TPP -- the Trans-PacificPartnership -- is making waves from Peru to Australia, concerning public health officials and consumer advocates. TPP, which would expand trade in 11 Pacific Rim countries, includes draft provisions for unprecedented expansion of pharmaceutical patent protection that could drive up the cost of medicine. Strong patents encourage innovation, but if they’re too strong, they can make medicines prohibitively expensive. It’s a balance that that has severe implications for global health.
“[The] TPP will reduce or eliminate that balance by curtailing existing legal flexibilities, and limiting government discretion to negotiate medicine prices,” according to Doctors Without Borders, known by it’s French initials MSF. The nonprofit group provides healthcare services in many developing countries, including those in the Pacific Rim, like Mexico, Chile, and Peru.
As details were leaked from the negotiations over the past few months, member countries started to react the details of the plan. In the past month, Peruvian and Australian press in particular have picked up the story of a new health care reality that would affect their countries in different ways. According to an op-ed by Peruvian columnist Diego García Sayán, the effects of increased patent protection are “obvious, especially those used to treat complex diseases.”
“These will be more and more expensive, which will particularly affect the poor in emerging countries. [In poor countries] it’s estimated that the global market will send medicines prices up 10-13%, while in rich countries [that estimate] is only 1-4%.”
Higher costs wouldn’t be limited to poorer countries, according to a new study across the Pacific, where Australians are becoming increasingly concerned that about TPP. In addition to increased healthcare costs stemming from higher medicines, the report argues that TPP will inhibit Australia’s ability to regulate vices alcohol, tobacco, as well as unhealthy foods. Australian Trade Minister Andrew Robb downplayed those concerns.
"The government will not support outcomes that would increase the prices of medicines for Australians or adversely affect our health system more generally - end of story," he said in a statement.
Richer countries that sign off on TPP such as Australia, Japan, and the U.S. would have to comply with increased patent protections right away, while poorer countries would be exempt temporarily. That compromise could support cheap generics in emerging economies like Peru as until their purchasing power increases. However, groups like MSF claim that the delays aren’t enough, because they are based on “arbitrary” measure of average national wealth by the World Bank.

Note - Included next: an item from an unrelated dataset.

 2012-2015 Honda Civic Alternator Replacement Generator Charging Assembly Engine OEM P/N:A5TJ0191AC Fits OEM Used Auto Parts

“The U.S. proposal draws an arbitrary and unfair line to determine which countries would have to comply with all TPP provisions right away. World Bank income classification is an inappropriate measure of a country's or a population's capacity to afford high-priced medicines.”

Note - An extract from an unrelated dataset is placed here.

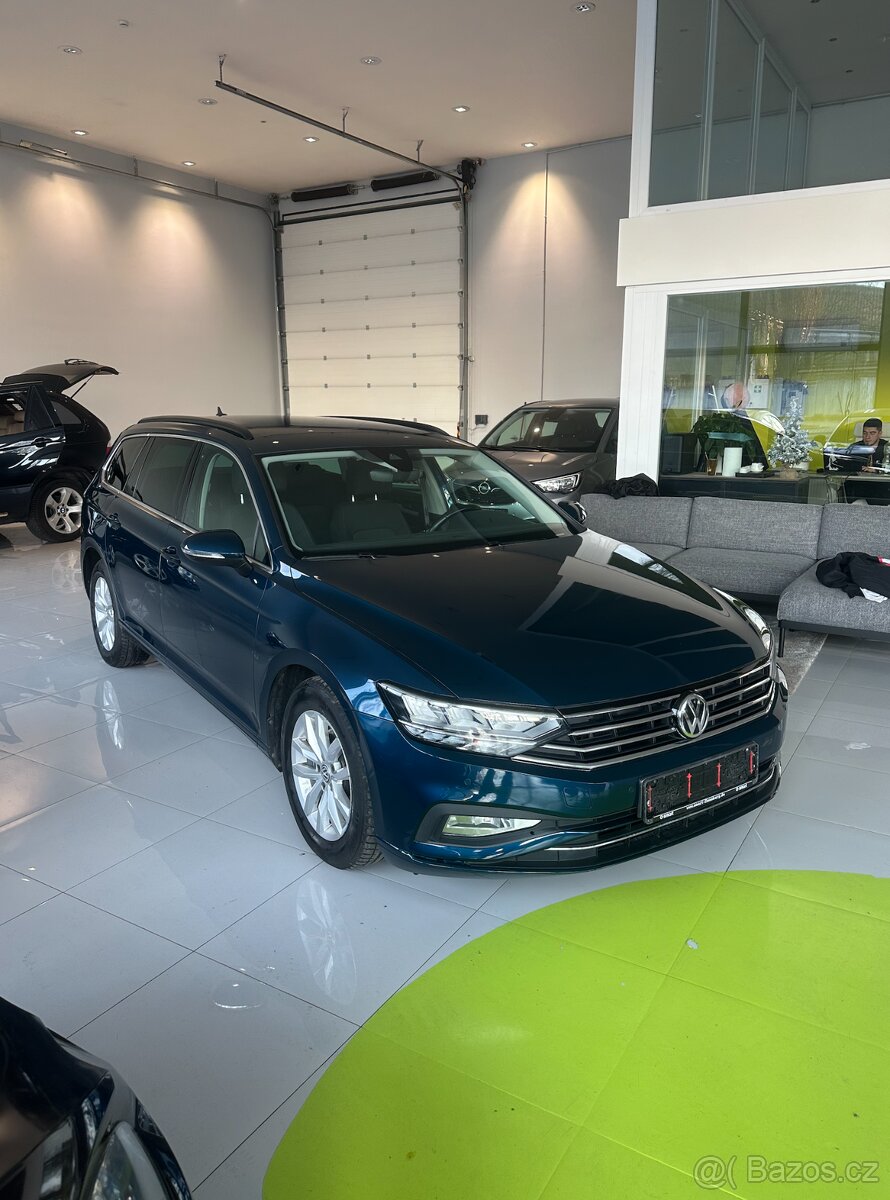 Volkswagen Passat, 2.0 TDI VARIANT Ojeté, 12/2019 - 2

Opposition to TPP In the U.S.: Subsidies, Environment, and Labor
A few months ago, TPP was on the fast track in Congress, and legislators considered passing it without formal debate. In recent weeks, however, the trade deal has become the target of a bipartisan attack. An LA Times op-ed by former Labor Secretary Robert Reich and Richard Trumka, current head of the AFL-CIO, called out TPP for potentially weakening workers. They citing the detrimental impact of the last major deal like it, the North American Free Trade Agreement (NAFTA).
“We now know that NAFTA has cost the U.S. economy hundreds of thousands of jobs and is one reason why America's workers haven't gotten a real raise in decades,” they wrote. “It and agreements like it have also contributed to the huge U.S. trade deficits. We now import about $500 billion more in goods and services each year than we export.”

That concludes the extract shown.